TRY IT – Lower down are entries containing pictures. Copy exactly, without those pictures, the lines from the line with "Enlarge image Cover: Southern-Led" through the line with "Nuclear matrix elements".

GIVEN RECORDS –
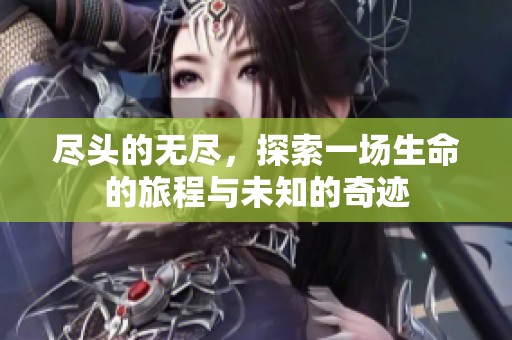 尽头的无尽，探索一场生命的旅程与未知的奇迹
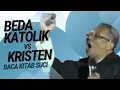 Download Lagu 🔴LUCU Bangeet..: BEDA KATOLIK vs KRISTEN BACA KITAB SUCI | Romo Eko Wahyu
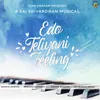 About Edo Teliyani Feeling Song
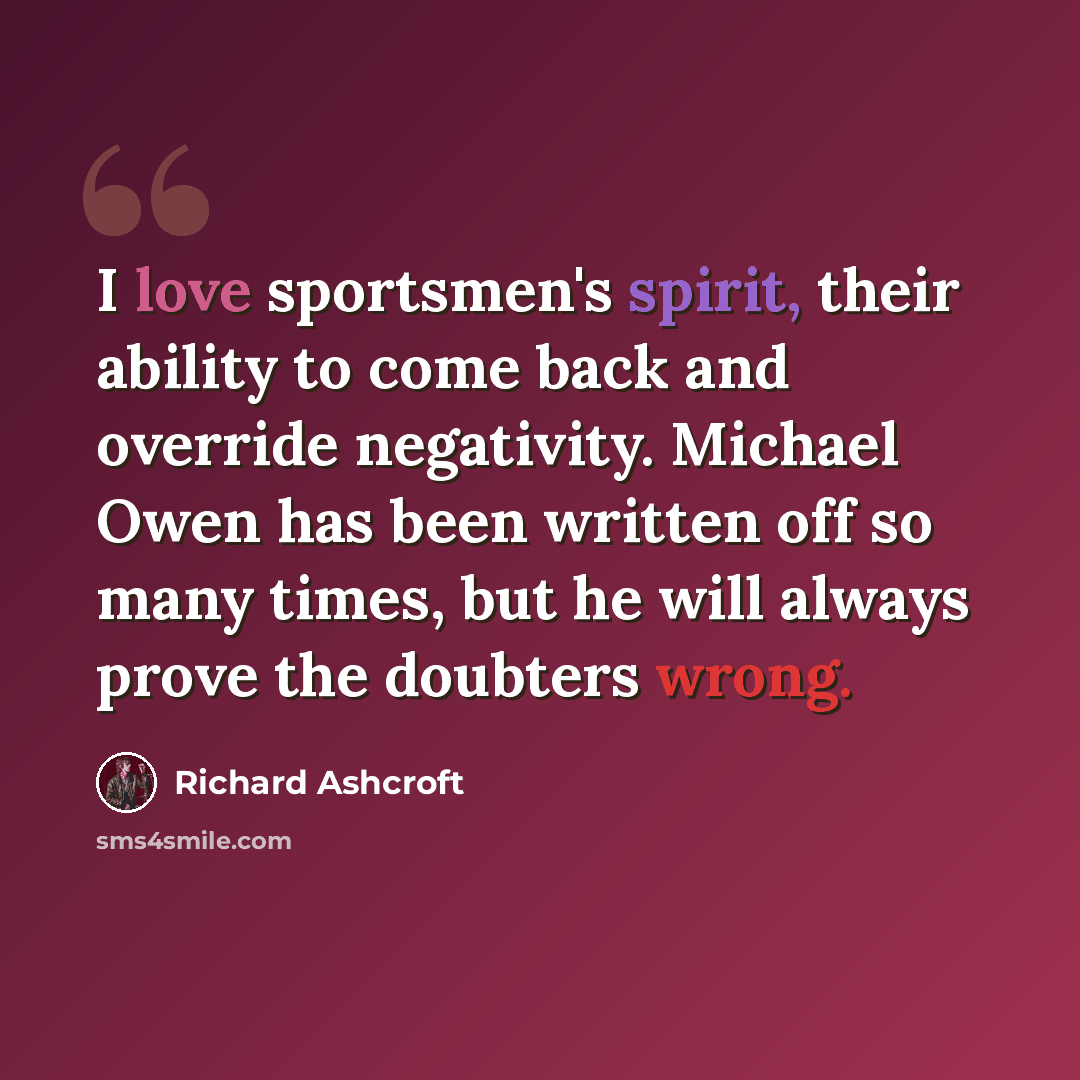 “I love sportsmen's spirit, their ability to come back and override negativity. Michael Owen has been written off so many times, but he will always prove the doubters wrong.” quote by Richard Ashcroft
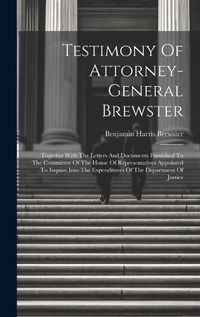 Cover image for Testimony Of Attorney-general Brewster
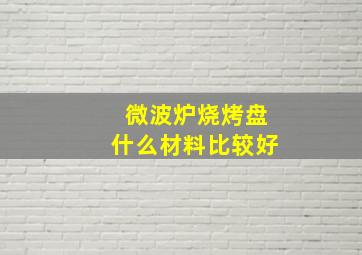 微波炉烧烤盘什么材料比较好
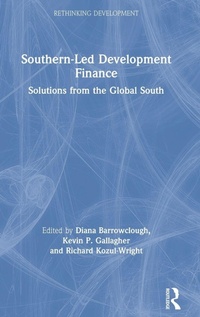 Enlarge image Cover: Southern-Led Development Finance - Routledge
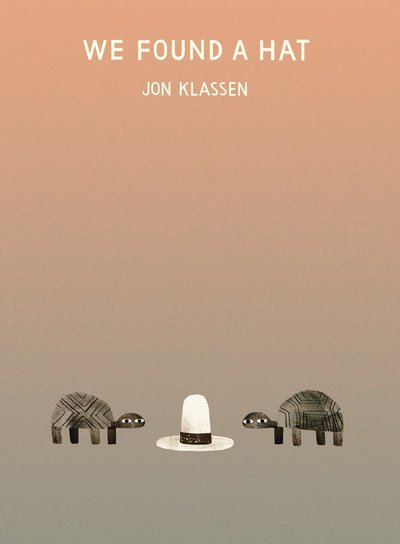 We Found a Hat - Jon Klassen - Bøger - Candlewick Press - 9780763656003 - 11. oktober 2016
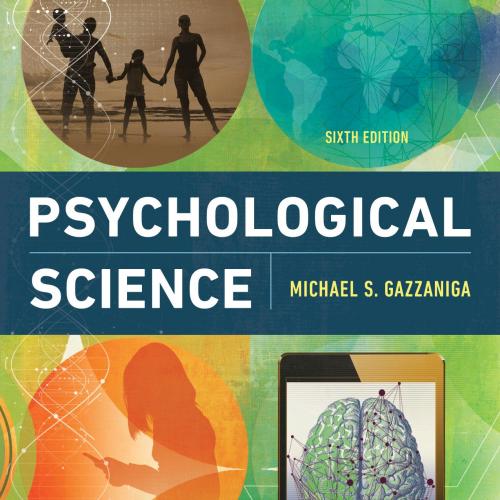 Psychological Science, 6e-Michael S. Gazzaniga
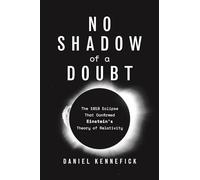 No Shadow of a Doubt: The 1919 Eclipse That Confirmed Einstein's Theory of Relativity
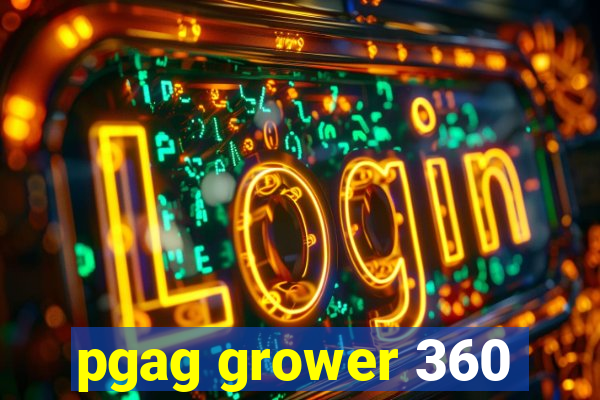 pgag grower 360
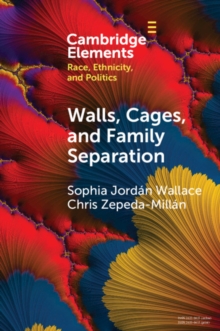 Image for Walls, Cages, and Family Separation: Race and Immigration Policy in the Trump Era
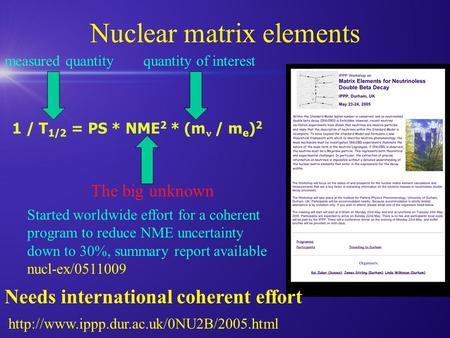 Nuclear matrix elements 1 / T 1/2 = PS * NME 2 * (m / m e ) 2 measured quantityquantity of interest The big unknown Started worldwide effort for a coherent.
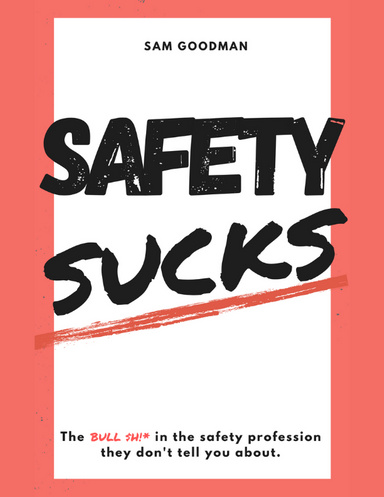 Safety Sucks!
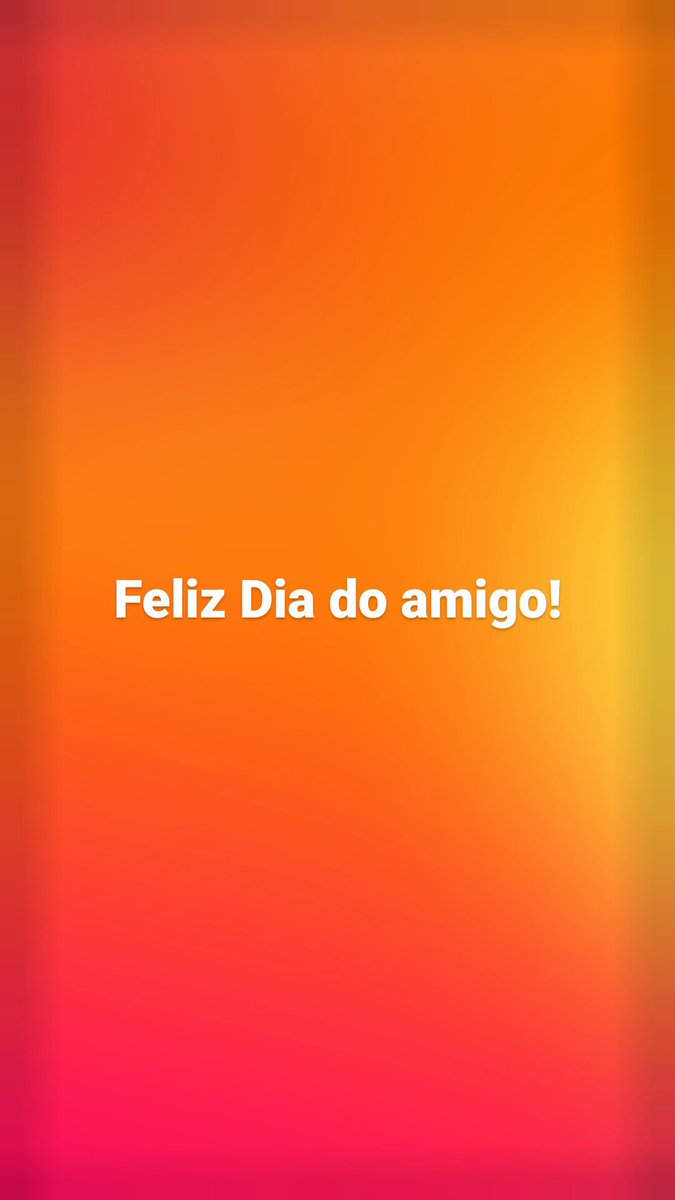 Feliz Dia do amigo!
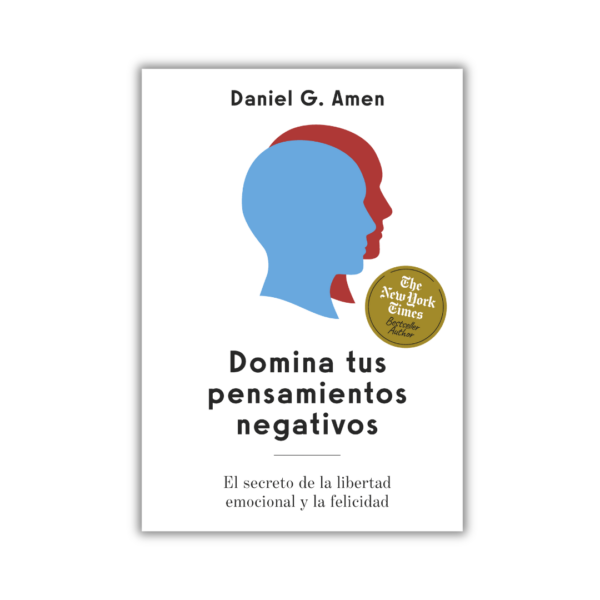 Domina los pensamientos negativos; Daniel Amen. Libros crecimiento personal, libros desarrollo personal, libros inteligencia emocional, libros bienestar, libros desarrollo profesional, libros liderazgo, libros motivación, libros motivadores, libros productividad, libros gestión habilidades, descubre tus fortalezas, inteligencia emocional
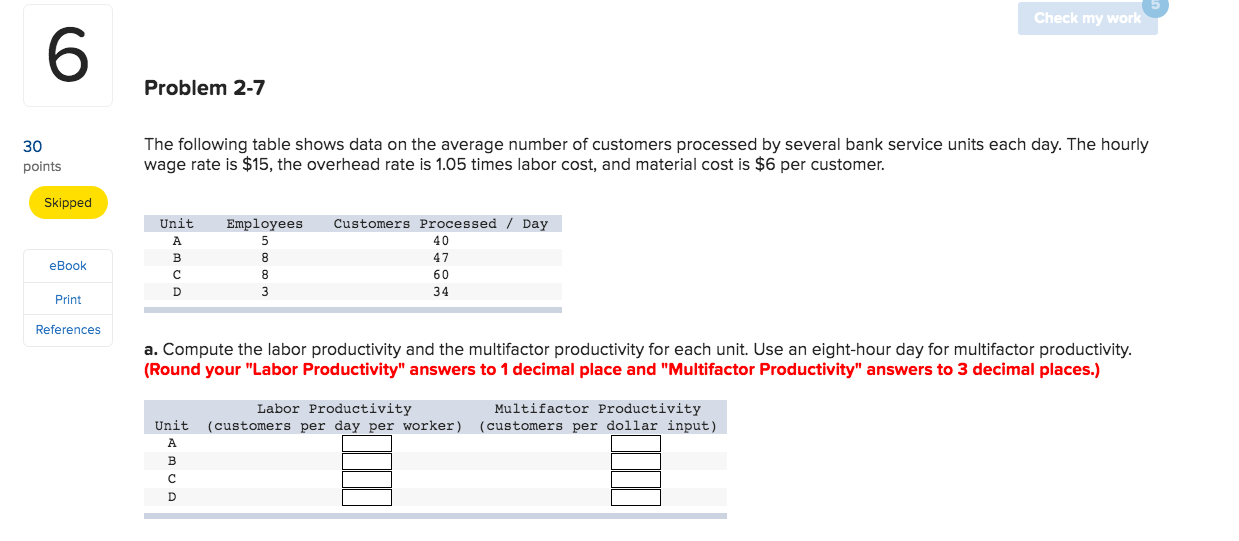Check my work Problem 2-7 30 points The following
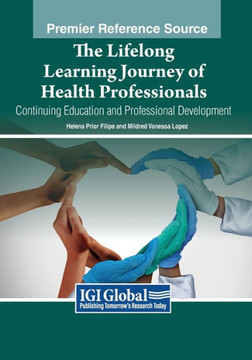 The Lifelong Learning Journey of Health Professionals: Continuing Education and Professional Development The Lifelong Learning Journey of Health Professionals: Continuing Education and Professional Development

TASK OUTPUT –
 Enlarge image Cover: Southern-Led Development Finance - Routledge
 We Found a Hat - Jon Klassen - Bøger - Candlewick Press - 9780763656003 - 11. oktober 2016
 Psychological Science, 6e-Michael S. Gazzaniga
 No Shadow of a Doubt: The 1919 Eclipse That Confirmed Einstein's Theory of Relativity
 pgag grower 360
 Image for Walls, Cages, and Family Separation: Race and Immigration Policy in the Trump Era
 Nuclear matrix elements 1 / T 1/2 = PS * NME 2 * (m / m e ) 2 measured quantityquantity of interest The big unknown Started worldwide effort for a coherent.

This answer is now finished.